My mother died in 2003 and he thought he would get everything she owned, but he got a big surprise. Mom didn't leave him any money and he only got a few things that he promptly sold and spent the money. By this time, he was so out of control that none of us wanted anything to do with him. He would have violent outbursts and you just couldn't trust him. We lost touch with him until about a year ago, when I got a phone call from him, telling me that he was in Denver and in a program at the Rescue Mission to get his life straightened out. I kept in touch with him and he wrote me how his life was changing and that he had accepted Jesus as his Savior. I sent him a Bible for Christmas and told him that someday we might be able to see each other again and encourged him to stick with the program. They were helping him so much. He was on his meds and for the first time in years he was really better.

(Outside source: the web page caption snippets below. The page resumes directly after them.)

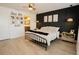 A modern bedroom includes a dark accent wall and 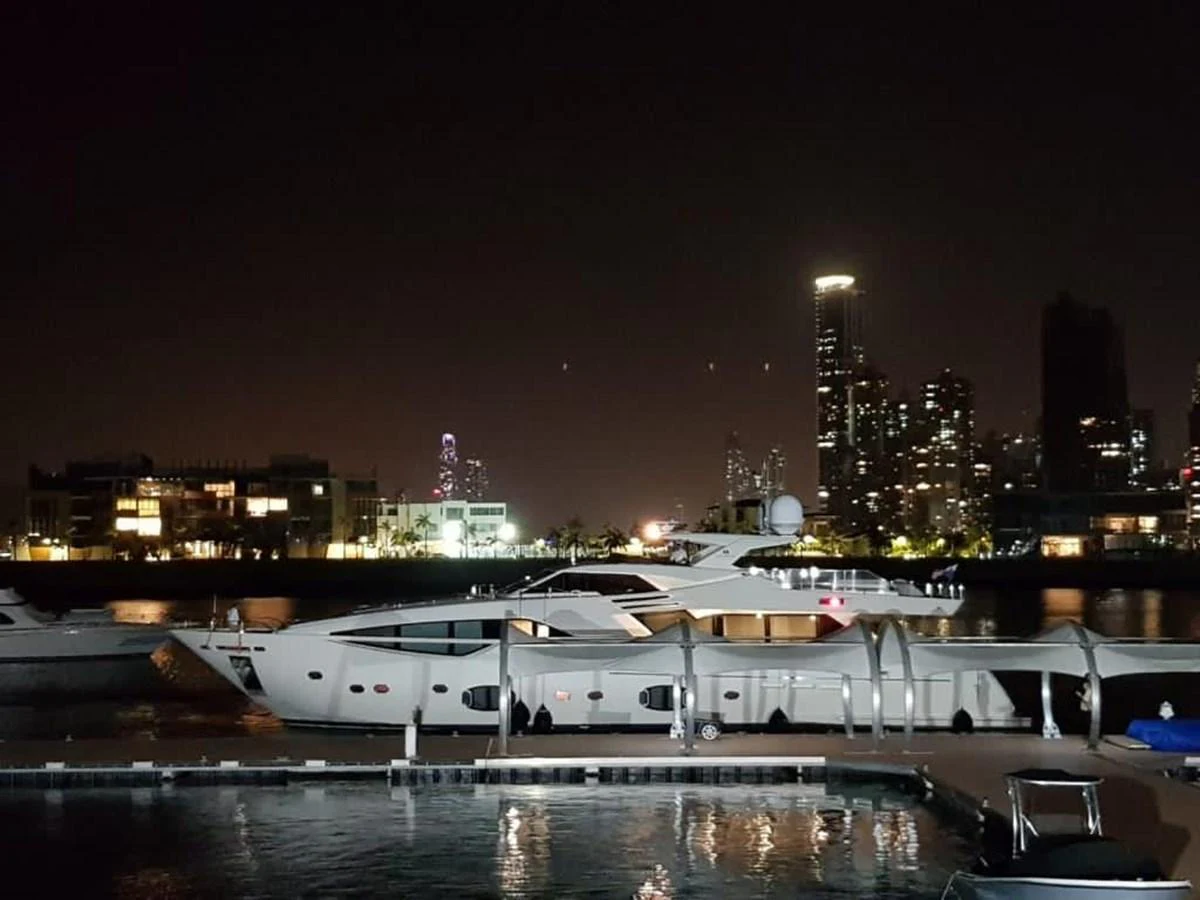 A sleek yacht is docked at night with a city skyline in the background. aboard SHA SHA SHA IV Yacht for Sale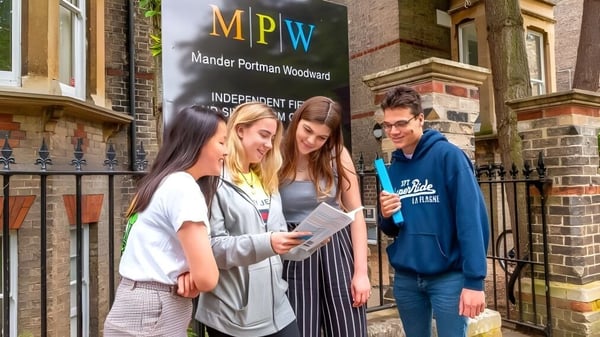 Un grupo de estudiantes está frente al edificio de MPW Birmingham y está conversando.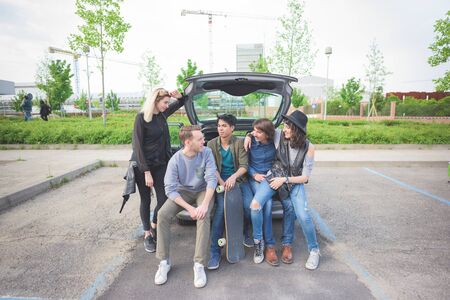 Group of young multiethnic friends sitting in a trunk of a car, talking to each other, having fun - friendship, relax conceptの写真素材
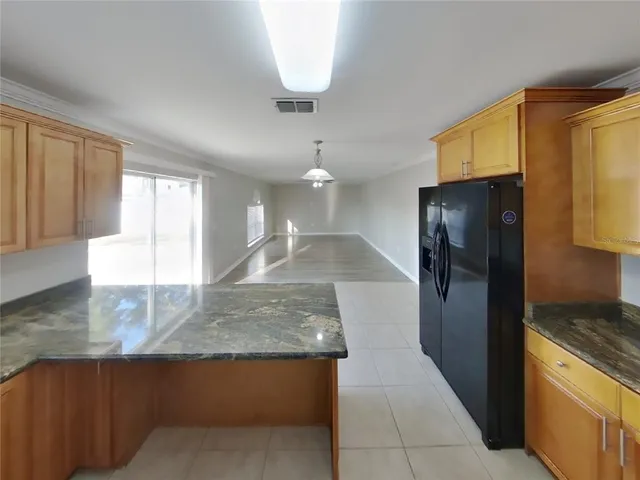 a kitchen with stainless steel appliances granite countertop a refrigerator a sink and a stove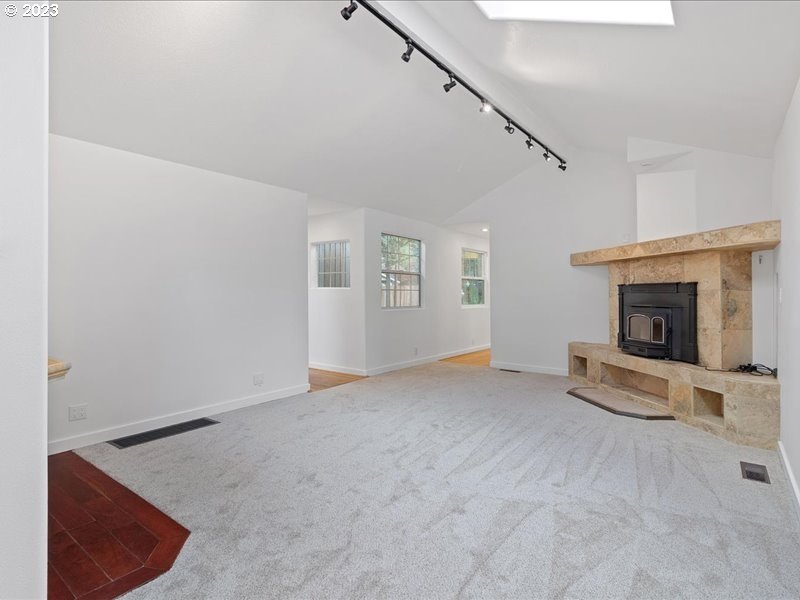 4155 Mapleton Drive West Linn, OR 97068 - Photo 17 of 38 a view of an empty room with window and fireplace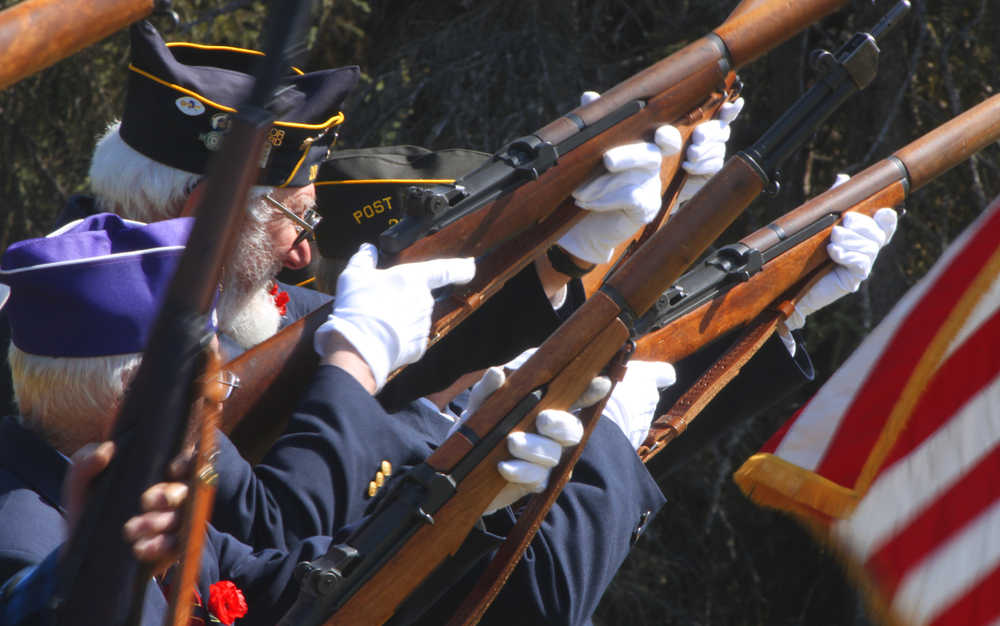 Photo by Kelly Sullivan/Peninsula Clarion Local veterans fired the gun salute in the Soldotna Community Memorial Park ceremony, Monday, May 26, in Soldotna.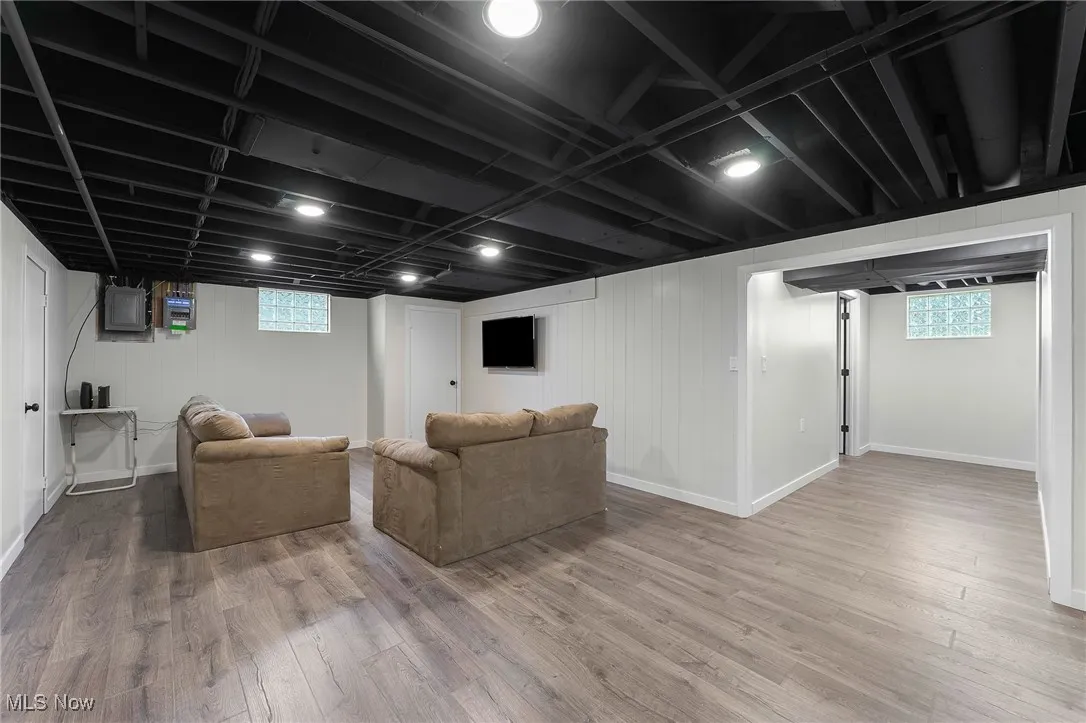Family room featuring wood finished floors and electric panel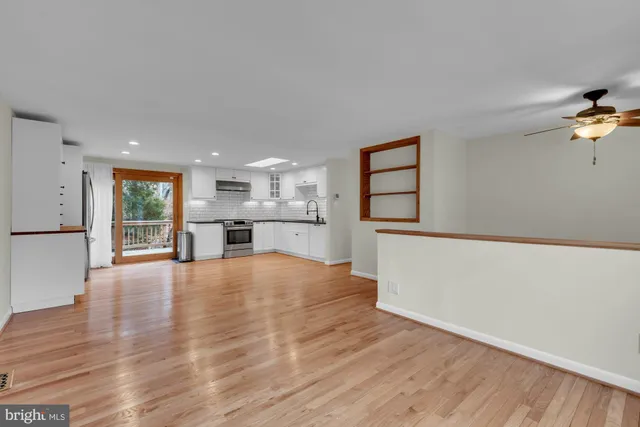 a view of an empty room with window and wooden floor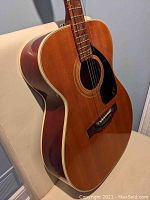 Side-angle view of guitar body showing square-shoulder dreadnought shape, binding and finish.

Then he got into the phase where they started job training. You see, over the years, my brother has become one of those people who think everybody owes him something. He is entitled because of his illness to collect whatever money or help he can get from people and not have to work for any of it. He promptly went off his meds, got a cell phone, which he knew was forbidden, and got kicked out of his program. He called me six times last week and I missed everyone of his calls because I was at work. I'm really bad at checking messages, so I didn't get his messages until yesterday. The last call he said he was in Atlanta, Ga and was headed for the Rescue Mission in Nashville, Tn. He also said he didn't know what to do, that he was really messed up and he had three bottles of pills with him that he was thinking about taking. I called the Rescue Mission yesterday to see if he was there, but they couldn't tell me if he was because of confidentialty. I left a message for him to call me if he can.
I don't know how to help him and it's so frustrating. I can't take him into my home because of his violent tendencies and you never know what's going to set him off. I can't finacially support him because we just don't have the money. It makes my heart ache to think of him wandering the streets with no place to call home, but what can I do?